LIRIAe : Reader and intelligent research tool for environmental authorities
Every year, environmental authorities handle nearly 4,000 files related to projects and programs such as wind farms, industrial facilities, urban developments, etc., under constrained deadlines and human resources. Some files are not processed, or not sufficiently detailed, with environmental issues that could be avoided, reduced, or compensated. A significant part of the time and difficulty of processing is related to the search for information, checking their consistency, and drafting informed opinions.
The Ecolab of the CGDD develops tools to assist in reading and researching information, with the support of DNUM/MTECT, INRIA via labIA/DINUM, and sector experts from DREAL Bretagne and Bourgogne-Franche-Comté. The needs and initial functionalities, described below, were identified following workshops and discussions with auditors. Feedback from about ten users, especially in the “pilot” regions, helped validate and adapt hypotheses at each stage and broaden the scope and performance of the tools.

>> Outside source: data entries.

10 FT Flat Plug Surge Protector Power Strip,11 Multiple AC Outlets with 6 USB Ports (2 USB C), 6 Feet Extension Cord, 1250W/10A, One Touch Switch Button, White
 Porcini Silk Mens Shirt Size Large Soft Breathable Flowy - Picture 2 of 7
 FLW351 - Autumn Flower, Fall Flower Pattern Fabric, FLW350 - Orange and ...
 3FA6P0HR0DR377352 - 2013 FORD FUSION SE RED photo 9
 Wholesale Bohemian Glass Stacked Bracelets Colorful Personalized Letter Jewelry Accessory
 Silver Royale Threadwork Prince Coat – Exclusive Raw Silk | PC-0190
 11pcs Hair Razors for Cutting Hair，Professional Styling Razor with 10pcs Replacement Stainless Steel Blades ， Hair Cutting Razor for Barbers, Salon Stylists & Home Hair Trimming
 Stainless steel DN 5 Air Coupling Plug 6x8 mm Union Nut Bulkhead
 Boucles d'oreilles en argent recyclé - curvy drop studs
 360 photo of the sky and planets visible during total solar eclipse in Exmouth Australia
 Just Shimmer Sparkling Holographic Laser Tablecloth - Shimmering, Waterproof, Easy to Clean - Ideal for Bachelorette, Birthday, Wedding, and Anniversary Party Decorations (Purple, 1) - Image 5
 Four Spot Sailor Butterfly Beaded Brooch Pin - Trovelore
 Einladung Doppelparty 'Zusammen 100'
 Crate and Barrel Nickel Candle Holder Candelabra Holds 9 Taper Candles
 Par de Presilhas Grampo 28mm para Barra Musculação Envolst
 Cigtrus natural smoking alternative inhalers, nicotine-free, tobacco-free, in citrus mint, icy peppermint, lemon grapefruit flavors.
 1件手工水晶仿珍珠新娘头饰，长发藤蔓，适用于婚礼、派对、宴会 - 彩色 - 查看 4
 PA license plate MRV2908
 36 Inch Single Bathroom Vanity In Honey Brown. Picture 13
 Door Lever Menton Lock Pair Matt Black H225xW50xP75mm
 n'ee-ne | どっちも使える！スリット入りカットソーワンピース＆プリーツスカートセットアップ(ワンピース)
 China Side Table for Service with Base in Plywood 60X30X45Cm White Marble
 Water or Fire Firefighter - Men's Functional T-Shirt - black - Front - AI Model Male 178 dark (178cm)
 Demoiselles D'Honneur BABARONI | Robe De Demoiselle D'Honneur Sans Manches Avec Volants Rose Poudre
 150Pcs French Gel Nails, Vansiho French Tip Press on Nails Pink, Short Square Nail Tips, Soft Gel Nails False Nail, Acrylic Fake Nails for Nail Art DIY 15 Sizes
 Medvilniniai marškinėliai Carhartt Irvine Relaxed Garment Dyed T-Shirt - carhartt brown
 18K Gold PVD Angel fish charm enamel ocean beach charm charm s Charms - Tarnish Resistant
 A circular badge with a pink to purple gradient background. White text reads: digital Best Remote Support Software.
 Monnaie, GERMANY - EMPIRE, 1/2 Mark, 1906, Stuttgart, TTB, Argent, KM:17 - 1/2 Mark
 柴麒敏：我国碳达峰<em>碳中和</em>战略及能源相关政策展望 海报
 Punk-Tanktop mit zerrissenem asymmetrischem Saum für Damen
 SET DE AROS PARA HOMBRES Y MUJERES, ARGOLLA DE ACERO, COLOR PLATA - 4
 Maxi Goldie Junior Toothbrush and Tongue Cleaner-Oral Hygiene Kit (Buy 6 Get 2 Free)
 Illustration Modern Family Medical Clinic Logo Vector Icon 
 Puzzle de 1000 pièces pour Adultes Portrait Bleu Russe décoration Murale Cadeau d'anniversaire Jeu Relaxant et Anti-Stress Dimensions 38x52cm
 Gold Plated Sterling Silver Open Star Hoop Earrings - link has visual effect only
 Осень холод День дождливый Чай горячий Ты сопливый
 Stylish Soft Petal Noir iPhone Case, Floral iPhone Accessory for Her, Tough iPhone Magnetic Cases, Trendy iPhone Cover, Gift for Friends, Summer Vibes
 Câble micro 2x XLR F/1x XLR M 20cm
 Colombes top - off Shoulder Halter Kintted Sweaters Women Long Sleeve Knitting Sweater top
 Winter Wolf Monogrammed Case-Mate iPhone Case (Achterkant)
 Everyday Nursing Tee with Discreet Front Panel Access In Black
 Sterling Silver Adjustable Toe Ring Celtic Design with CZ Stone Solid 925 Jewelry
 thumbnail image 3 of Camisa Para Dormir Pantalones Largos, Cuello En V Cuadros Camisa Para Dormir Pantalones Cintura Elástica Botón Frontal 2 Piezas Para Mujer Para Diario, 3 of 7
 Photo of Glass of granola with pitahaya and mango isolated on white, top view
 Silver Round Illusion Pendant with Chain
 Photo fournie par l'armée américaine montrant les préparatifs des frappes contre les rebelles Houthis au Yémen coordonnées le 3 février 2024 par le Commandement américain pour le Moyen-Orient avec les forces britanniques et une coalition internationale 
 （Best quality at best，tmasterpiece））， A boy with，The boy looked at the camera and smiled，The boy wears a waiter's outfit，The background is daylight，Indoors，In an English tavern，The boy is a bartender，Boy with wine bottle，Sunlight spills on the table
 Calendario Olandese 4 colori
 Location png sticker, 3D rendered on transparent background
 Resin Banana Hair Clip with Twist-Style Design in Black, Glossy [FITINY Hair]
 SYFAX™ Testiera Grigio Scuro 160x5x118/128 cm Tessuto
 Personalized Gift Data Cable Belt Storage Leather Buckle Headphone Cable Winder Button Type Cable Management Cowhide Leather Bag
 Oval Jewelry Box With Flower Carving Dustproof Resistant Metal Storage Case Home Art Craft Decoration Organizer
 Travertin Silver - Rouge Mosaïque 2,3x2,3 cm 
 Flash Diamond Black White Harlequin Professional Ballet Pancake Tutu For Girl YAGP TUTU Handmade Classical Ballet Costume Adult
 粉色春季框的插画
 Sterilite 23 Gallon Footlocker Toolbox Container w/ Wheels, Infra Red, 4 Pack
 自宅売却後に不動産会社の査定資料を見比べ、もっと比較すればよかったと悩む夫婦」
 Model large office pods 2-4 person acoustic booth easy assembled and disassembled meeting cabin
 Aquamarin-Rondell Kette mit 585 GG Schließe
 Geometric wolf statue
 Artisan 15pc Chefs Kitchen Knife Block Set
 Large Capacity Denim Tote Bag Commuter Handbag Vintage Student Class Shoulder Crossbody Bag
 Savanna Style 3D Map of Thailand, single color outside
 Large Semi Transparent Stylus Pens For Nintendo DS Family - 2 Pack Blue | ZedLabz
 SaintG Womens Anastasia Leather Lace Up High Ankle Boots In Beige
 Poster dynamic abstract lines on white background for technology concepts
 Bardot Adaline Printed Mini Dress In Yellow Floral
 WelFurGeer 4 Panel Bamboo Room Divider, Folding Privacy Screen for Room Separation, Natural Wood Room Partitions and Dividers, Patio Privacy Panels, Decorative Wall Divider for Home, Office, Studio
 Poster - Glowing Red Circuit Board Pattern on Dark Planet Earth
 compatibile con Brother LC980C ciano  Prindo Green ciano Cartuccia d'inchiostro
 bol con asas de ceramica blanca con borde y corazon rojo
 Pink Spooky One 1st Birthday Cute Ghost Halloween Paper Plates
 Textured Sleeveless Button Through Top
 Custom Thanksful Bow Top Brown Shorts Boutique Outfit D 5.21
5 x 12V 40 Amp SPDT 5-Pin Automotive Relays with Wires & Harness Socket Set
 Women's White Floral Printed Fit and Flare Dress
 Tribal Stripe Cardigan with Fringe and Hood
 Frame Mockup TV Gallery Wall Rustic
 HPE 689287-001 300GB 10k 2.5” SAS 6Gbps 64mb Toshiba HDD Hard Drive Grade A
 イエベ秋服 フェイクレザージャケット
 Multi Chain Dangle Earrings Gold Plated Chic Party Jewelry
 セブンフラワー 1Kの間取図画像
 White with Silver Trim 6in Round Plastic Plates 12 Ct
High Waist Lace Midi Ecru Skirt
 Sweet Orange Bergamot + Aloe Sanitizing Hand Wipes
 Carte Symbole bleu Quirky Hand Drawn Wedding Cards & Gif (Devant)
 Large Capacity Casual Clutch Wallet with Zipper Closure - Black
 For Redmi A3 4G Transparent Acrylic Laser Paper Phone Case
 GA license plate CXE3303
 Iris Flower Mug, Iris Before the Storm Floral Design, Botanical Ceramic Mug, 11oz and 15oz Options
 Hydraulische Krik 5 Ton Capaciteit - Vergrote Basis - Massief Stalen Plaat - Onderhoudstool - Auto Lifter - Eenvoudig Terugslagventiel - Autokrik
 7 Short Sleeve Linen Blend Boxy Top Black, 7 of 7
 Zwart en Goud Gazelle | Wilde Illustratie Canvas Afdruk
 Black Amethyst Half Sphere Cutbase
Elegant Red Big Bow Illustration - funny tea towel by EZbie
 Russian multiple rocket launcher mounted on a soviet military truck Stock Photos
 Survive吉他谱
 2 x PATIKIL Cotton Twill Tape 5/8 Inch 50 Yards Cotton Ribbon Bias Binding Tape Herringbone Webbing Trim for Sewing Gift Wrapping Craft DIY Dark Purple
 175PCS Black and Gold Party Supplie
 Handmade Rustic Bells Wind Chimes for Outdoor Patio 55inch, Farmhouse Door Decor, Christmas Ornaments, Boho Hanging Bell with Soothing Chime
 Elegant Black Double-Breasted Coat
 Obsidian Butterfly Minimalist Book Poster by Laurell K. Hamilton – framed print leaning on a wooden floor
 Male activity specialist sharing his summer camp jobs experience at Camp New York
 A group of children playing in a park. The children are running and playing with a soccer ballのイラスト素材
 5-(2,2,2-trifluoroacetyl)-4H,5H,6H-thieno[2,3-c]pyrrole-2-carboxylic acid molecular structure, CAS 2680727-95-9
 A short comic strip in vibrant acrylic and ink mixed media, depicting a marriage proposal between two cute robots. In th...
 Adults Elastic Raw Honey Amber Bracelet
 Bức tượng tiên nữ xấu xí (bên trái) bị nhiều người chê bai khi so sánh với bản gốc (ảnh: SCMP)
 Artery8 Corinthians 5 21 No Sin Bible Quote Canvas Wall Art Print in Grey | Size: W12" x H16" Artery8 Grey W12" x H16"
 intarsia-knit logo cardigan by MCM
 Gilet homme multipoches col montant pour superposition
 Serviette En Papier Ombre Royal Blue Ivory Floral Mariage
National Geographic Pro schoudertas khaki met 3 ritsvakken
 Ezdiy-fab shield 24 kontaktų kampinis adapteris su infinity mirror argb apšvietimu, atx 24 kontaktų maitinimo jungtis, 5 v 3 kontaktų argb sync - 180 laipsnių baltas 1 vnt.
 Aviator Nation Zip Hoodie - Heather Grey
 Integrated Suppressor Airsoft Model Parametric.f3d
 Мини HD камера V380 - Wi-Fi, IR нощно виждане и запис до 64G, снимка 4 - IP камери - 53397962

These tools aim to allow smoother reading through the consolidation of all relevant documents of a file, generally composed of several hundred to several thousand pages, distributed across multiple non-standardized .pdf documents. A user-friendly navigation component containing the hierarchy of titles (sections, subsections…) is constructed automatically, with user validation. Advanced search functionalities within a file and automatic tags facilitate the identification of sections that deal with a theme (e.g., impacts on environments and landscapes, flora and fauna, etc.). Shareable notes allow for the localization of critical points in the file and enable a collaborative instruction and validation process.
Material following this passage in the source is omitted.